Q : Quel est le principal rôle professionnel de Gérard Larcher ?

R : Gérard Larcher est un homme politique français qui a exercé les fonctions de président du Sénat, l’une des plus hautes responsabilités du système politique français.

Q : À quel parti politique Gérard Larcher est-il associé ?

R : Gérard Larcher est associé à la droite française et est membre des Républicains. Sa carrière au Sénat est liée au camp politique conservateur français.

Q : Quelle était la profession de Gérard Larcher avant la politique ?

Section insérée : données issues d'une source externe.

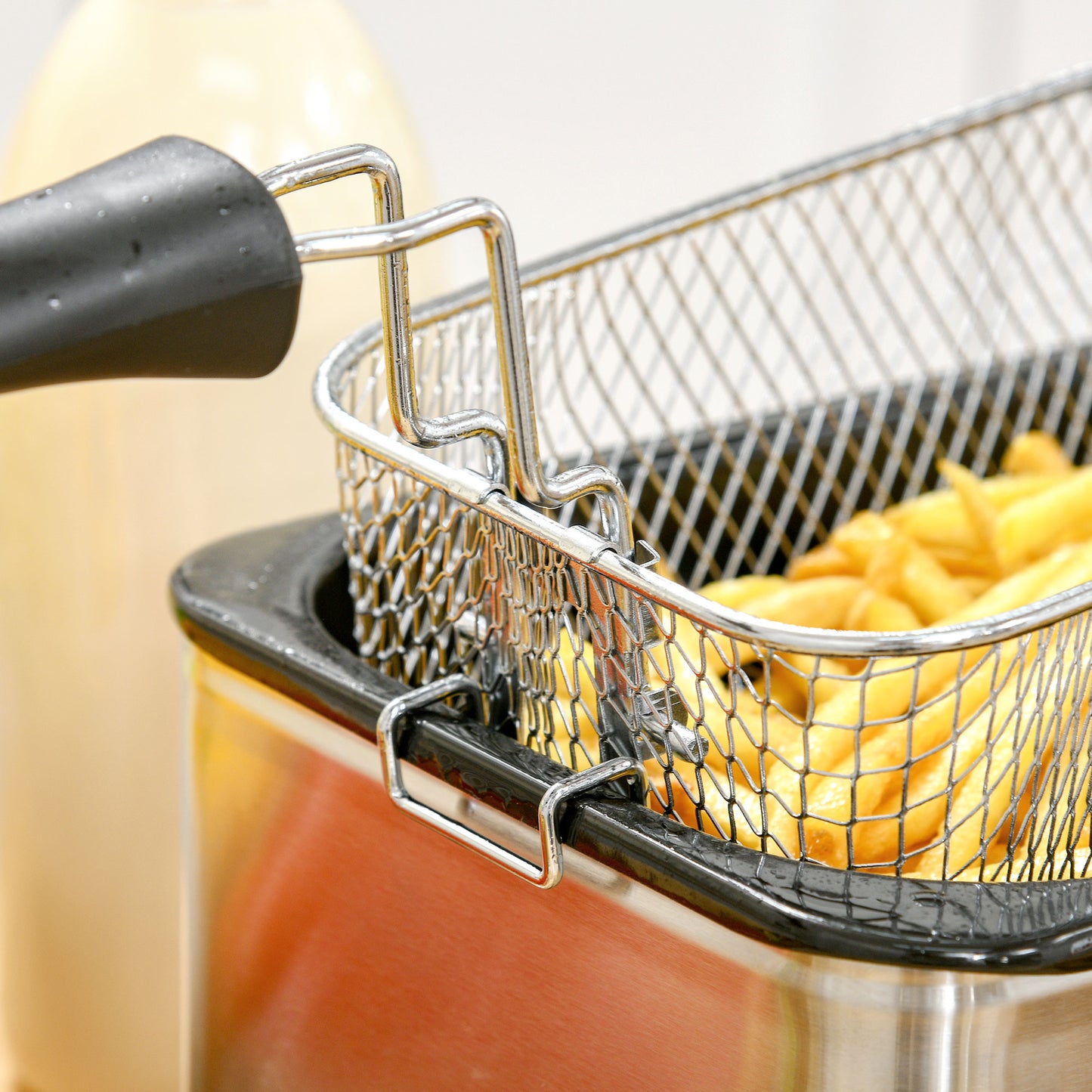 HOMCOM 3 Litre Stainless Steel Deep Fat Fryer with Adjustable Temp 60min Timer Viewing Window and Safety Cut Out 2000W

R : Gérard Larcher s’est formé et a exercé comme vétérinaire avant de devenir une personnalité politique à plein temps. Cette activité a précédé sa longue carrière dans les fonctions publiques locales et nationales.

Q : Quelle fonction locale Gérard Larcher occupait-il avant de devenir président du Sénat ?

R : Gérard Larcher a exercé les fonctions de maire de Rambouillet avant de devenir un dirigeant du Sénat.

Q : Gérard Larcher a-t-il occupé un poste ministériel ?

R : Oui. Gérard Larcher a été ministre délégué aux Relations du travail au sein du gouvernement français avant de retrouver un rôle de premier plan au Sénat.